C++: Is it posible to set the type of a void-pointer, variant-object or any-object in execution time?

孤者浪人 提交于 2021-01-28 23:22:14

问题


Void-pointer, variant-objects and any-objects are amazing because they can store many different types in the same variable. But I have a problem with them, I need to specify their type (creating and/or de-referencing them) in the execution time, is it possible?

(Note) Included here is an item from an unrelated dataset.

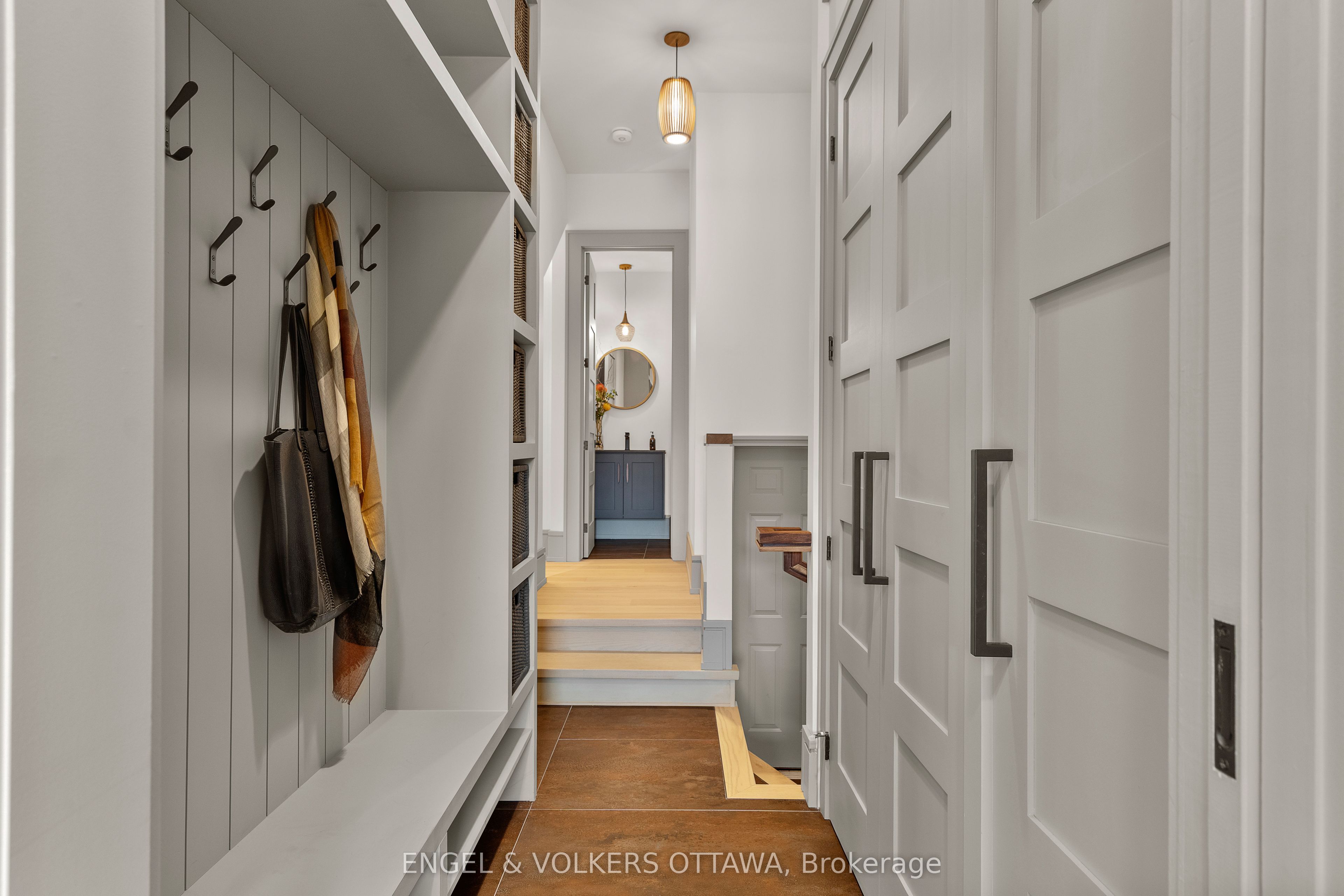 37 Clarendon Avenue Property Photo 5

To be more clear, for example, as far I know, to create and de-reference them I have to do this:

void* ptr = new int(8);
variant<int, float> var = 8;
any a = 8;
...
cout << *(int*)ptr;
cout << get<int>(var);
cout << any_cast<int>(a);

As you can see, in all cases the type must be "written in the code" (programming-time?). It would be excellent if that type could be determinate in the execution time. Let me dream... if, for example, we could "store a type" as an object, we could do this:

TYPE mi_tipo;
...
mi_tipo = int;   // or float, or char or any other...
...
void* ptr = new mi_tipo();
cout << *(mi_tipo*)ptr;

Something like this is possible? If not, how would you do this? I'm trying to do simulate a compiler perform, so I need an structure which can store any type of variables, and so I need an efficient way of de-reference them in execution time.


回答1:


C++ is a statically typed language. The type of any expression must be known at compile-time. While compile-time code can do limited forms of type computation, and even type generation to a degree, all of that exists only at compile-time.

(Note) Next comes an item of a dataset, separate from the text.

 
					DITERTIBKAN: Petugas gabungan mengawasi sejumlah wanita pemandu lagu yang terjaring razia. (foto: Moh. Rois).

Once you reach the runtime, everything has to be known. Dynamic polymorphism through base classes and virtual functions exist, but at the point the actual object is created, you have to know what type it is. There are techniques which can allow dynamically determining which polymorphic derived class to instantiate, but they all ultimately boil down to a bunch of conditional statements and a hard-coded (even if generated through templates) set of types.




回答2:


Something like this is possible?

Except for using mi_tipo = int;, no, c++ is a statically typed language.

if no, how would you do this?

Decide on an interface for your types, and enumerate all possible type and write interfaces for them to hide implementation.

#include <map>
#include <stdexcept>
#include <iostream>
#include <memory>
#include <sstream>

struct AtypeInterface {
    AtypeInterface() {}
    virtual ~AtypeInterface() {}
    virtual std::string format() { throw std::runtime_error("invalid"); return ""; }
};

template<typename T>
struct Atype : AtypeInterface {
    T val;
    Atype(T val) : val(val) {}
    ~Atype() {}
    std::string format() override { 
       return std::to_string(val);
    }
};
struct AtypeVoidPointer : AtypeInterface {
    void *p;
    AtypeVoidPointer(void *p) : p(p) {}
    ~AtypeVoidPointer() {}
    std::string format() override {
        // custom behavior if needed
        if (p == NULL) {
             return "och no! the pointer is null!\n";
         } else {
             std::stringstream s;
             s << p;
             return s.str();
         }
    }
};

int main() {
   std::unique_ptr<AtypeInterface> mi_typo;
   mi_typo = std::make_unique<Atype<int>>(5);
   std::cout << mi_typo->format() << '\n';
}

Such design looks "good enough".




回答3:


Something like this is possible?

Yes, but you need to store the type information yourself somehow. There is no reflection in C++ so far, static or otherwise.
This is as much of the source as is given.